• _EXERCISE AIM_: Of the material below, the lines to be retyped are those from the line containing "INTEX Seahawk Inflatable" through the line containing "sepatu boots zara", inclusive; reproduce them exactly.

• _RECORD SET_:

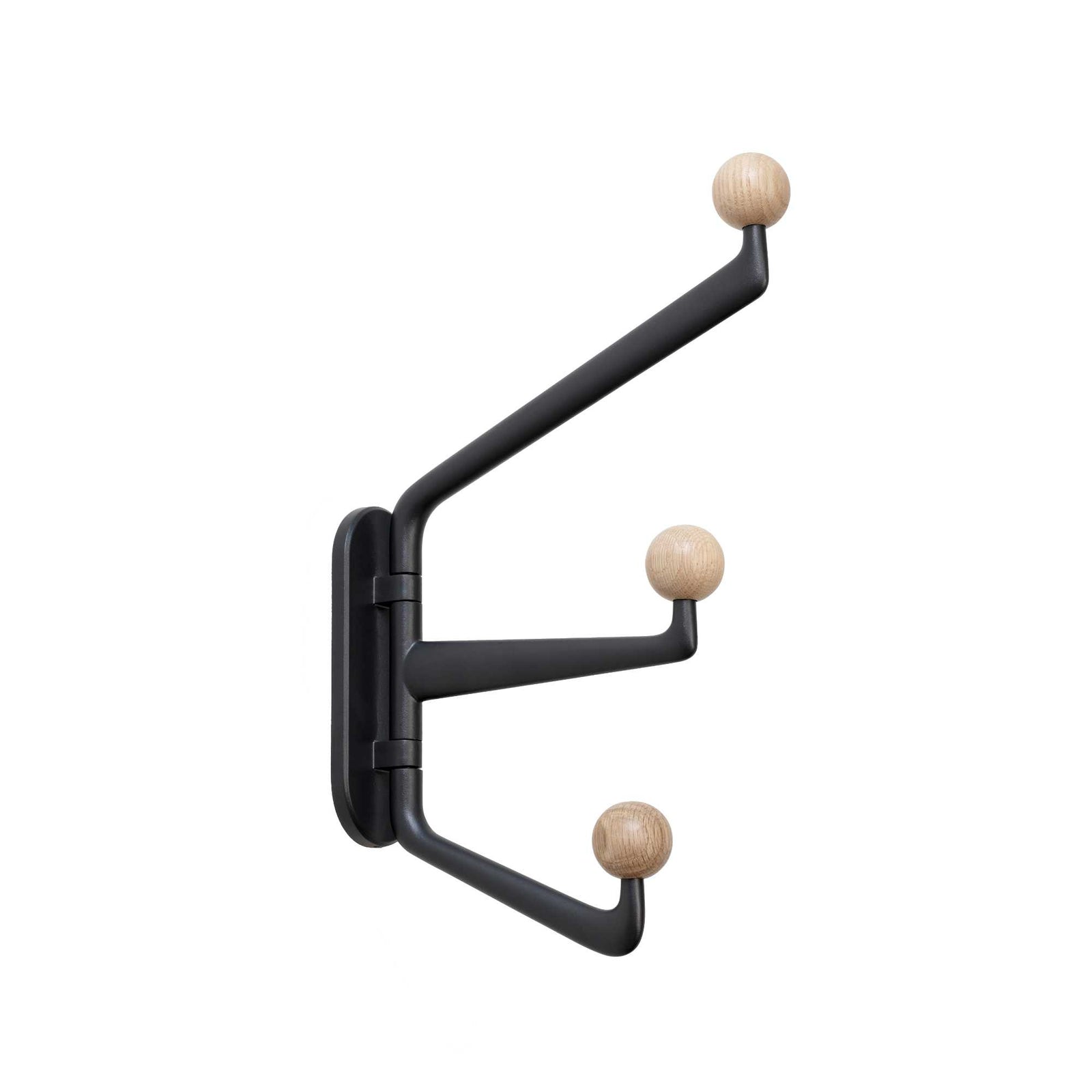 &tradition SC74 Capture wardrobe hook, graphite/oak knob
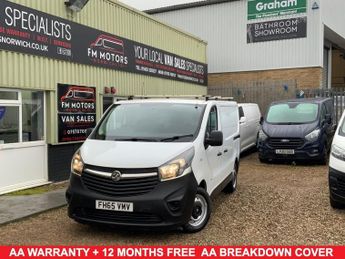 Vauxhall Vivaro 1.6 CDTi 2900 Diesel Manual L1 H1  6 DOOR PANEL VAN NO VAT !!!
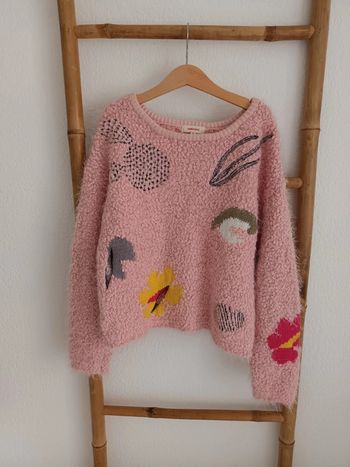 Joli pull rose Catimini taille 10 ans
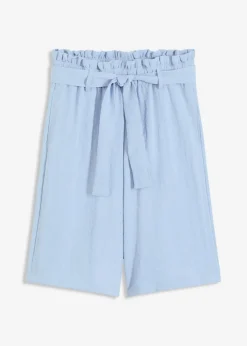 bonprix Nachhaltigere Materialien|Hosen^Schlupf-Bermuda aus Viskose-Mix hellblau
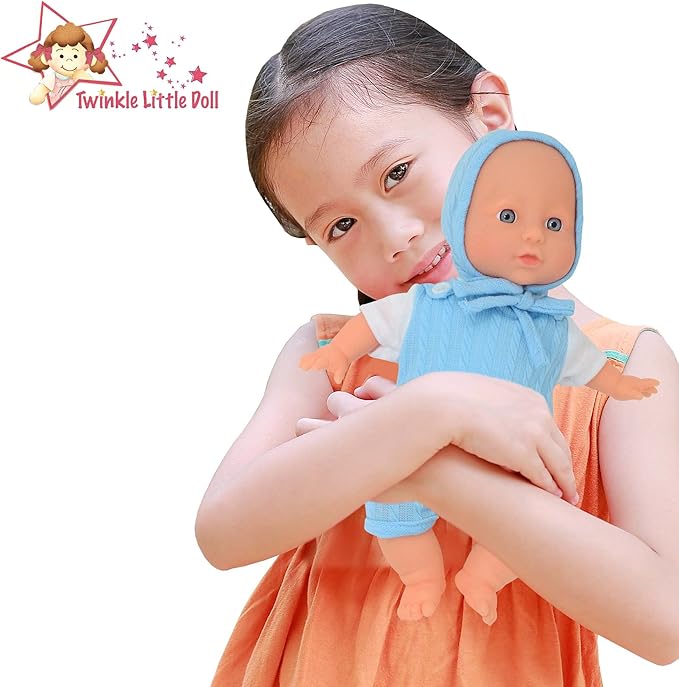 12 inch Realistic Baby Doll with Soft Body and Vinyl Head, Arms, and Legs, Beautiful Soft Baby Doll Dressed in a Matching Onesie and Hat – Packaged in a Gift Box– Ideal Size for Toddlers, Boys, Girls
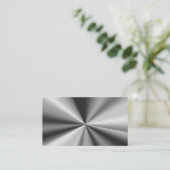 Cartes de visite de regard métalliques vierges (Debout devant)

...

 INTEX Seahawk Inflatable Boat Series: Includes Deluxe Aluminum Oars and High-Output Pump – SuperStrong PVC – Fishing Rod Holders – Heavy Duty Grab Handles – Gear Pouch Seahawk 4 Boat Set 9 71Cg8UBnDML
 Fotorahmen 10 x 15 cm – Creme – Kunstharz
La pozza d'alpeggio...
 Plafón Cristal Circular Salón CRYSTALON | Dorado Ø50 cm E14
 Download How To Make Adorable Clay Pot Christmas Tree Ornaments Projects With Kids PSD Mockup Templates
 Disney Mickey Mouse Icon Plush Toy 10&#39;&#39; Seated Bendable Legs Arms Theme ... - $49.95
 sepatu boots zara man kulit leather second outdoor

--

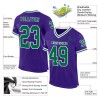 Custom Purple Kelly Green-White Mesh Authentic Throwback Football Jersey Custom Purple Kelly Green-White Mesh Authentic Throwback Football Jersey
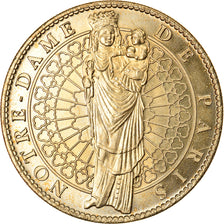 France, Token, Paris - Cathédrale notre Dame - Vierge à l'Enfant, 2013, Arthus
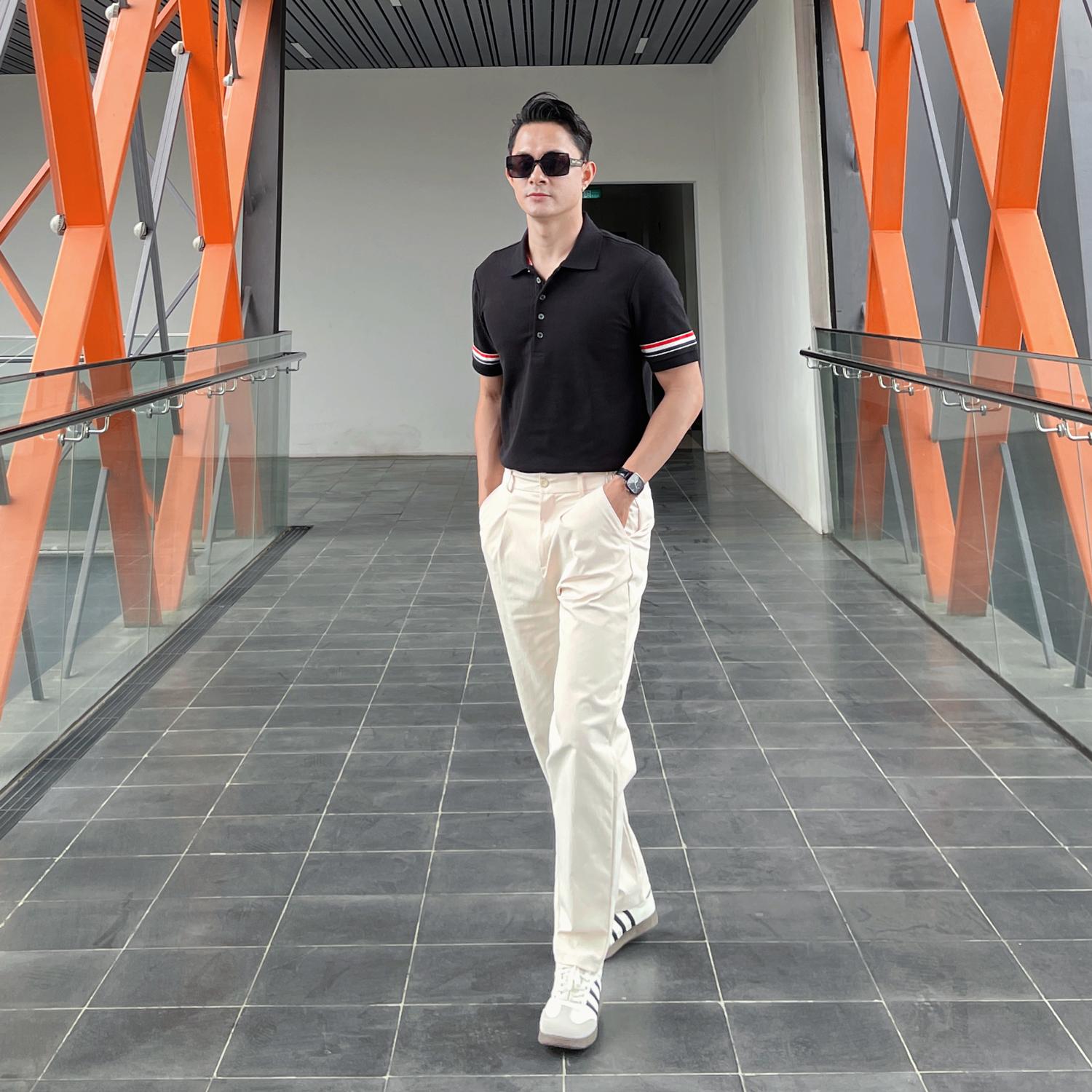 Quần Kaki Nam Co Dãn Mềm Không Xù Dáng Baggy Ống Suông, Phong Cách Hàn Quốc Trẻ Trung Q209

• _ANSWER BELOW_:
 INTEX Seahawk Inflatable Boat Series: Includes Deluxe Aluminum Oars and High-Output Pump – SuperStrong PVC – Fishing Rod Holders – Heavy Duty Grab Handles – Gear Pouch Seahawk 4 Boat Set 9 71Cg8UBnDML
 Fotorahmen 10 x 15 cm – Creme – Kunstharz
La pozza d'alpeggio...
 Plafón Cristal Circular Salón CRYSTALON | Dorado Ø50 cm E14
 Download How To Make Adorable Clay Pot Christmas Tree Ornaments Projects With Kids PSD Mockup Templates
 Disney Mickey Mouse Icon Plush Toy 10&#39;&#39; Seated Bendable Legs Arms Theme ... - $49.95
 sepatu boots zara man kulit leather second outdoor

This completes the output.